Does the description disclose side effects, auth requirements, rate limits, or destructive behavior?

No annotations are provided, so the description carries full burden. It describes the search type (semantic similarity), return format (JSON array with specific fields), and implies read-only behavior. Could mention idempotency or side effects but is adequate for a search tool.

Agents need to know what a tool does to the world before calling it. Descriptions should go beyond structured annotations to explain consequences.

Conciseness5/5

Is the description appropriately sized, front-loaded, and free of redundancy?

Two sentences, front-loaded with action and resource, then usage and return structure. Every sentence adds value and no redundancy.

Shorter descriptions cost fewer tokens and are easier for agents to parse.

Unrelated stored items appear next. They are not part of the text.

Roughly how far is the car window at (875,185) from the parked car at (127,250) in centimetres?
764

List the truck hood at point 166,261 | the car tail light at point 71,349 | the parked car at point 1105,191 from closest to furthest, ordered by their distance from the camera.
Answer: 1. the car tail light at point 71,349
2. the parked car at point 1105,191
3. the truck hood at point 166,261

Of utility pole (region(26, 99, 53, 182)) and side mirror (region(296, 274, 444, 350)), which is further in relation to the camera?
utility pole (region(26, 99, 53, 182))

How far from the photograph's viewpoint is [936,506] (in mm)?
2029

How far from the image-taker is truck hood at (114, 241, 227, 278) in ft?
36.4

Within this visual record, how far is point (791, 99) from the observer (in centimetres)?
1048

Every sentence should earn its place.

Completeness5/5

Given the tool's complexity, does the description cover enough for an agent to succeed on first attempt?

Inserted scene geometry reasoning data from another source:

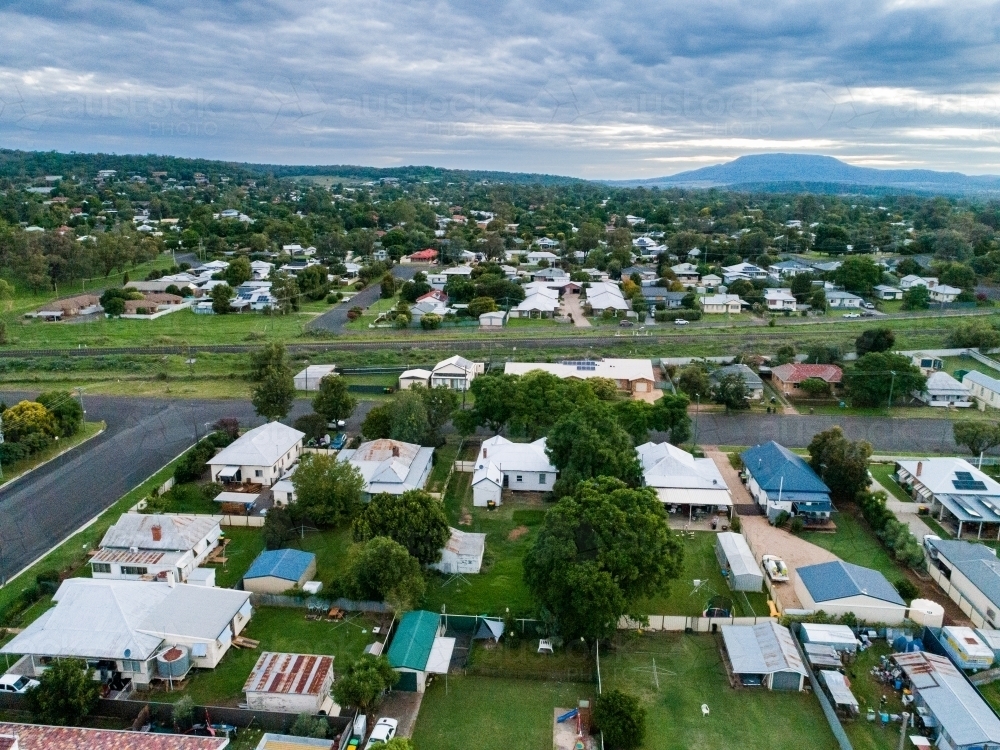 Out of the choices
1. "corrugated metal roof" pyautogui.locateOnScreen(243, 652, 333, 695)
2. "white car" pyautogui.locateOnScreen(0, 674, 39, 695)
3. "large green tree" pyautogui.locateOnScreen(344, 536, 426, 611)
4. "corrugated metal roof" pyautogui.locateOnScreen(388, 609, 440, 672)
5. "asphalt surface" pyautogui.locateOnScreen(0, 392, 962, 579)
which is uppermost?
"large green tree" pyautogui.locateOnScreen(344, 536, 426, 611)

For a simple search tool with well-described parameters and no output schema, the description fully specifies the return format (fragment, similarity_score, quality_score, source, tier). No gaps remain.

Complex tools with many parameters or behaviors need more documentation. Simple tools need less. This dimension scales expectations accordingly.

Parameters3/5

Does the description clarify parameter syntax, constraints, interactions, or defaults beyond what the schema provides?

Input schema covers 100% of parameters with descriptions. The description adds a natural-language query example and repeats the top_k range, but does not provide significant extra meaning beyond the schema. Baseline 3 is appropriate.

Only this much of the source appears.